For the last three years, the city has approved raises of 2.5 percent each year for all of its employees in order to stay ahead of the consumer price index, according to Forsyth Finance Officer Angela Leist.
“They consider the raise across the board for all city departments and decide what that’s going to be, and that’s what it is. They do that once a year at budget time,” said Leist. “We don’t have a merit system or a standard salary structure like other cities do. So this annual raise is how they compensate.
Leist explained that an officer making $13 an hour, would receive a 33 cent increase with the 2.5 percent city-wide raise.
“We tend to be the training ground. Most of our officers are entry level, with little experience. As they gain their experience, they tend to move on to large departments that pay a little better,” said Leist. “It seems to be this way in the industry, in general. Police officers seem to be a very mobile bunch.”
Leist said that at the July 15 Board of Aldermen meeting, aldermen gave her the authority to put the 2.5 percent raise into the 2020 budget. If the 2020 budget is approved, it would go into effect on Sept. 1.
Forsyth Ward I Alderman Jack Baker said the aldermen don’t like the constant turnover, but they’re doing the best they can.
“We cannot compete salary-wise with the Taney County Sheriff, Branson Police, Hollister Police, with the Ozark and Nixa Police. We just can’t compete with them. We cannot afford to give a $3 or $4 an hour increase to a section of employees,” said Baker. “I’m losing policemen a couple, three a year and that’s just the way it’s got to be.”
While aldermen are not OK with the city being a officer training facility for other bigger departments, Baker said they don’t blame those who choose to move on.
“We can’t give a $3 an hour raise to six cops on our budget. We don’t like it,” Baker said. “We’d like to have policemen stick around for 15 years.

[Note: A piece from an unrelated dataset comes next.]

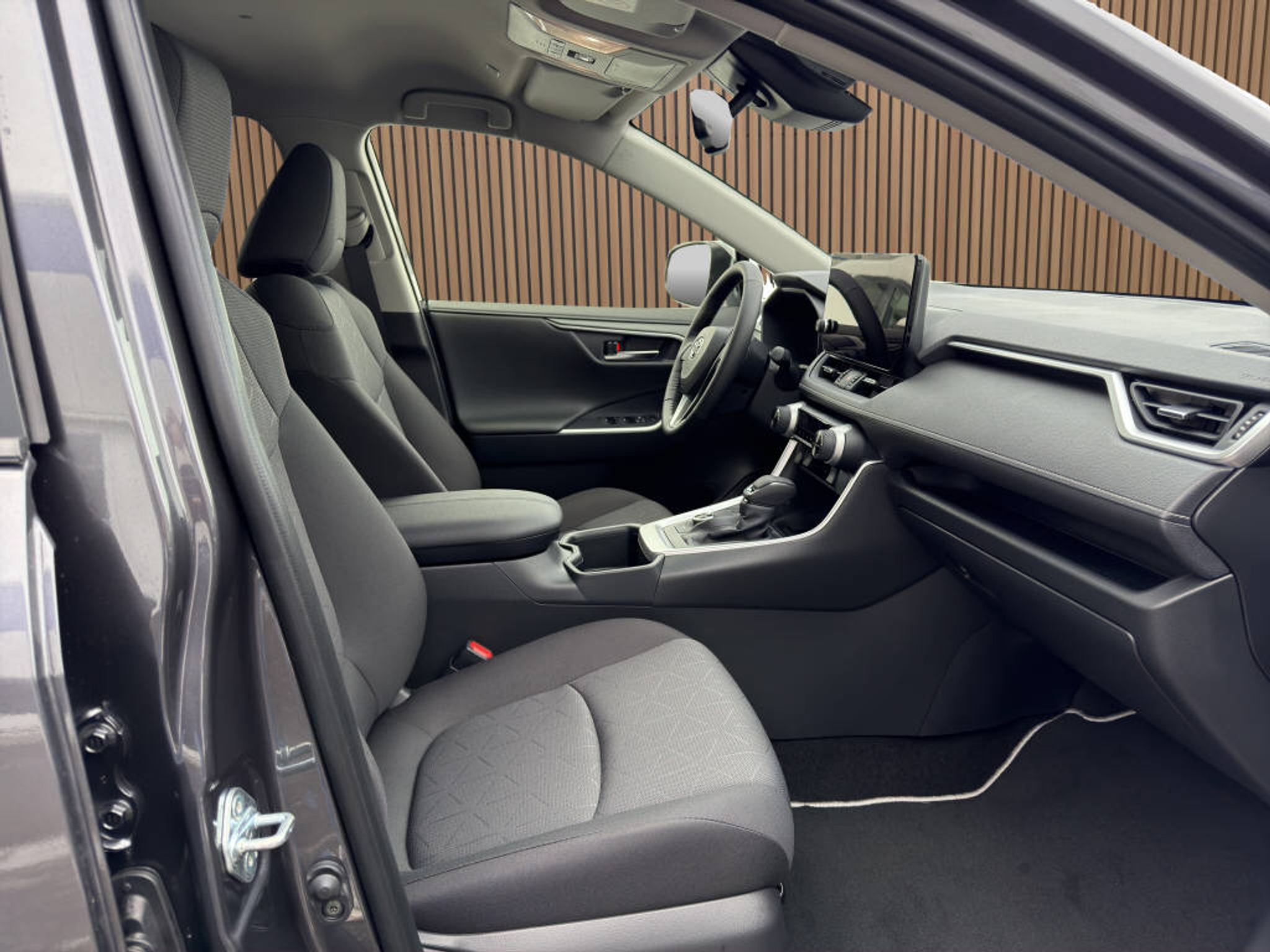 listing desktop thumbnail image 9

But for the individual policeman, if he can get three bucks an hour more at Taney County or Branson, it’s a smart family move, and I can’t condemn them for that.”

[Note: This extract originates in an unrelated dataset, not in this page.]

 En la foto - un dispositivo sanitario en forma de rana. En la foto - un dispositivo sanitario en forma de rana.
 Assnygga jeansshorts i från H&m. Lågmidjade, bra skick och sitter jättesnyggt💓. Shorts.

Baker said, in order to give raises, the city needs to bring in more income, which is something they have been working to do.
“The city had contacted several businesses to see if they would be interested in locating in Forsyth,” Baker said. “I’ve been on the council for several years, and we have done that every year. We’d like to have more business. Our income comes from sales tax dollars. We’d like to have more businesses in town, but that’s almost up to the individual with the business.”
Sanderson shared that many of the Forsyth officers have entertained other job offers, but have chosen to stick with Forsyth.
“It’s disheartening to come to work every day and know you could go somewhere else, but your heart’s here. You want to protect this city. You want to serve this community,” said Sanderson. “Everybody that gets into this line of work knows that it’s not going to be something that you get rich doing. But just to know that you’re appreciated and, in fact, have a little incentive to come to work every day.”
Sanderson said in order to make ends meet, some of the officers work a second full-time job, including himself.
“I can work two jobs. I don’t mind,” he said. “But I’m not dedicating my entire abilities to this community alone, and I want to. These guys all want to. This is a hardworking group of dudes.”
For the first time in several months, the Forsyth Police Department has a full staff of seven officers, which includes the chief. Because he’s salary and not hourly, Ellis said when he’s without a full staff he’s worked 12 hour shifts, seven days a week to make sure someone is always on patrol. Once the newly hired officer has completed field training, Ellis said he’ll be able to focus more on being the chief and not a patrol officer.